Resource Development Council
 
 

From the Executive Director - Rick Rogers

Defending the integrity of permitting processes in Alaska

One of RDC’s top legislative priorities is to “Encourage the state to promote and defend the integrity of Alaska’s permitting process and advocate for predictable, timely, and efficient state and federal permitting processes based on sound science and economic feasibility.”

Lately, defending the integrity of permitting process has been front and center. Two ongoing departures from our normal permitting processes, one proposed by legislation in Juneau and one at the federal level, both revolve around a large and controversial mining prospect in Western Alaska: Pebble. Irrespective of the Pebble project, both these approaches are highlighting the risk that our permitting systems and processes are being inappropriately politicized. This trend does not bode well for any of other resource, community, or infrastructure development projects in Alaska.

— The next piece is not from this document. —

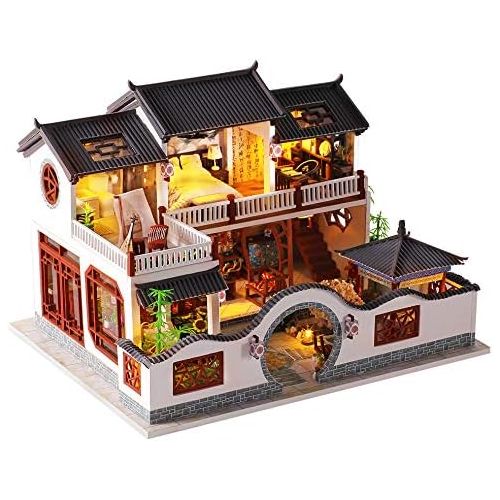  Spilay DIY Dollhouse Miniature with Wooden Furniture Kit,Handmade Mini Home Craft Model Chinese Style Doll House Kit with LED & Music Box,1:24 Scale Creative Room for Teens Adult F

Our permitting systems, while not perfect, are structured under the premise that to protect public, social, economic and environmental interests, we need to make informed permitting decisions. Such decisions are to be based on sound science and rational pubic policy, as well as project specific proposals for activities advanced by permit applicants.

In the Alaska legislature, SB152, sponsored by Senator Hollis French, turns decades of permitting processes and the clear division of power between the legislature and the executive branch on its ear. This bill calls for the legislature to approve authorizations, licenses, permits, (Pebble). It is hard to imagine the legislature has the time, resources, and capacity to adjudicate on complex permitting issues. And exactly where does that leave our permitting agencies – the departments of Natural Resources, Fish and Game, and Environmental Conservation with their trained professional staffs and objective evaluation of permit applications on the merits, absent political interference?

While annoying, SB152 is unlikely to become law. Of bigger concern is the EPA embarking on a study of the Bristol Bay watershed, citing its 404(c) authority, to make broad land use determinations for State and private lands in advance of permit applications. Details of this federal overreach and its implications for other projects in Alaska have been well articulated in a letter from Alaska Attorney General, Michael Geraghty, to EPA Region X administrator Dennis McLerran. A full article in this issue of Resource Review highlights the state’s concerns with the 404(c) effort.

Proposed departures from decades of permitting processes may seem restricted in applicability to the Pebble project, but the precedents these efforts would establish could directly impact other projects and erode the integrity of our permitting processes. Whether it’s a community wastewater treatment facility, a fish processing plant, a wind farm, you name it, eroding the foundation of objective project- based permitting is a dangerous and slippery slope, and Alaskans should be wary.